The Stacks Bookstore
2409 Waters Ave.
With a focus on marginalized authors, accessibility, community and fostering writers of all backgrounds, The Stacks Bookstore is a welcome addition to Savannah’s diverse literary scene. Owner/author Cindy Otis has stacked The Stacks with a beautiful selection of new books covering the range of the human experience — with special attention paid to authors from marginalized communities. Shelves brimming with underrepresented stories ensure visitors can find stories unique to their experience within The Stacks’ welcoming walls.
Otis has also doubled down on her commitment to serving the community and the immediate neighborhoods, crafting what promises to be the newest neighborhood hang, even if you don’t consider yourself a reader or writer. The end result is a bookstore that is physically and financially accessible, inclusive and inspiring for all. Writers can find a space to hone their craft, while younger readers can enjoy the robust young adult and children’s section and programming.
RECOMMENDED READING: Otis is looking forward to a deep roster of books in 2024, including “The Honey Witch” by Savannah’s own Sydney J. Shields, “The Women” by Kristin Hannah and “The Color of a Lie” by Kim Johnson.
The Books Bus, The Tiniest Bookshop
300 W. River St., Kiosk 1
Beach Reads Bookshop
1213 US-80, Unit C
If you mix one part traveling book bus, one part itty-bitty bookstore and one part beach read outpost, you’ve got the makings of a Kaitlynn Perry special.
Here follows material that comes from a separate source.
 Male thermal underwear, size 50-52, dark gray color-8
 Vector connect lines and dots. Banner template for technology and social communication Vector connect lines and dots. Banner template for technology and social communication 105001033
Perry, who owns The Books Bus, The Tiniest Bookshop and now Beach Reads Bookshop, has carved out a niche selling books in small and unique spaces.
Her first foray into pint-sized bookselling, The Books Bus offers a variety of used books with pop-up locations ranging from the Richmond Hill Farmers Market to the Starland District’s First Fridays. The Tiniest Bookshop, on the other hand, is Perry’s first brick-and-mortar, boasting a snug 150 square feet along River Street in the Plant Riverside District. Rounding out the trio, Perry has opened a third outpost, The Beach Reads Bookshop, on Tybee Island, nestled next to Huc-A-Poo’s.
RECOMMENDED READING: When asked what book Perry’s most looking forward to in 2024, there was no question: the third installment of Sarah J. Maas’ “Crescent City” series.
Grow Your Stack
Bookmark these new releases with local ties for your next read
Compiled by COLLEEN ANN MCNALLY
- Johnathon Scott Barrett has worked as a certified public accountant, an executive director of the State Botanical Garden at the University of Georgia in Athens and has written several cookbooks and even a memoir about this relationship with Southern food. Now, he’s added novelist to the list with the debut of “Ship Watch,” a story that undoubtedly draws upon the author’s unique, cultivated perspective and deep passion for the Southern lifestyle. Reaching across Savannah to the wealthy enclaves of Atlanta’s Buckhead neighborhood, Sea Island and Highlands, North Carolina, the fictional, multi-generational characters are captivatingly familiar, with a central drama that fans of Mary Kay Andrews will devour.
- The award-winning author of “Nigel and the Moon,” Antwan Eady delivers his next picture book for children on Jan. 30. Titled “The Last Stand,” the heartwarming story follows the multigenerational family behind a farm stand in the rural South, with stunning illustrations by Jerome and Jarrett Pumphrey.
- The debut novel by Keith F. Miller Jr., “Pritty” offers readers a chance to take a new look at the 912 — through the complex story of young love between two teenage boys navigating family trauma and territory tensions in Savannah’s Black neighborhoods.
- “The Little Butterfly” by Aimee Spring is part story and part memory book for young hearts that have experienced loss. The sentimental keepsake is designed to remind children of their cherished loved ones in a gentle and sensitive way that brings comfort and peace.